Platform fails with OOM error when loading second application

azzazzel commented 1 year ago

I have the platform running locally and uploaded two applications (welcome and count from the examples). Loading each application alone works fine. But when one is loaded, trying to load a second one (regardless of the order), the platform fails with the following:

❯ xec -L lib/ lib/kernel.xtc
Enter password:

Starting the AccountManager...
Starting the HostManager...
Starting the platform UI controller...
Started the XtcPlatform at http://xtc-platform.xqiz.it:8080
Info: Created a host module 'platformDB_jsondb.xqiz.it' for 'platformDB.xqiz.it'

Exception: java.lang.OutOfMemoryError thrown from the UncaughtExceptionHandler in thread "main"

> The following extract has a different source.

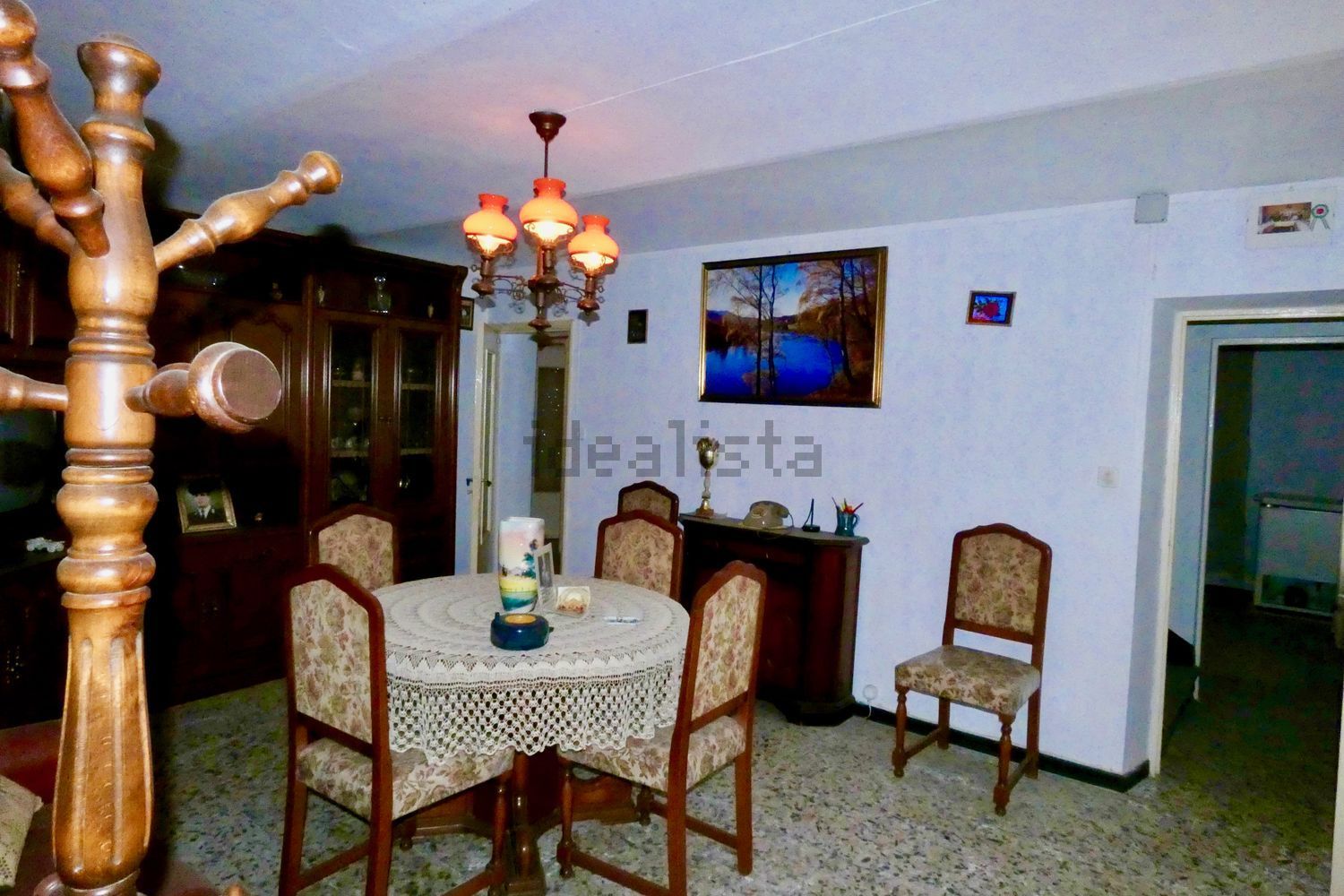 Rocchetta Palafea, Itaalia, 9 Bedrooms Bedrooms, 25 Rooms Rooms,1 VannitubaVannitoad,Villa,Sale,1017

Exception: java.lang.OutOfMemoryError thrown from the UncaughtExceptionHandler in thread "server-timer"

Exception: java.lang.OutOfMemoryError thrown from the UncaughtExceptionHandler in thread "HTTP-Dispatcher"

Exception: java.lang.OutOfMemoryError thrown from the UncaughtExceptionHandler in thread "server-timer"

Exception: java.lang.OutOfMemoryError thrown from the UncaughtExceptionHandler in thread "ecstasy:LocalClock"

Exception: java.lang.OutOfMemoryError thrown from the UncaughtExceptionHandler in thread "HTTP-Dispatcher"

Exception: java.lang.OutOfMemoryError thrown from the UncaughtExceptionHandler in thread "server-timer"

Exception: java.lang.OutOfMemoryError thrown from the UncaughtExceptionHandler in thread "server-timer"
Exception in thread "server-timer" java.lang.OutOfMemoryError: Java heap space
Exception in thread "HTTP-Dispatcher" java.lang.OutOfMemoryError: Java heap space
java.lang.OutOfMemoryError: Java heap space

I understand this may be because I need to give the platform more resources (still trying to figure out how), but IMHO, a lack of resources to load an application should not bring the entire platform down.

lagergren commented 1 year ago

It could be the case that the heap setting for the xec launcher needs more JVM memory. It probably has a default Xmx value somewhere, @gene?

azzazzel commented 1 year ago

I worked around it by changing the setting in xdk/src/main/resources/xdk/bin/xec.cfg and running gradlew dist-local.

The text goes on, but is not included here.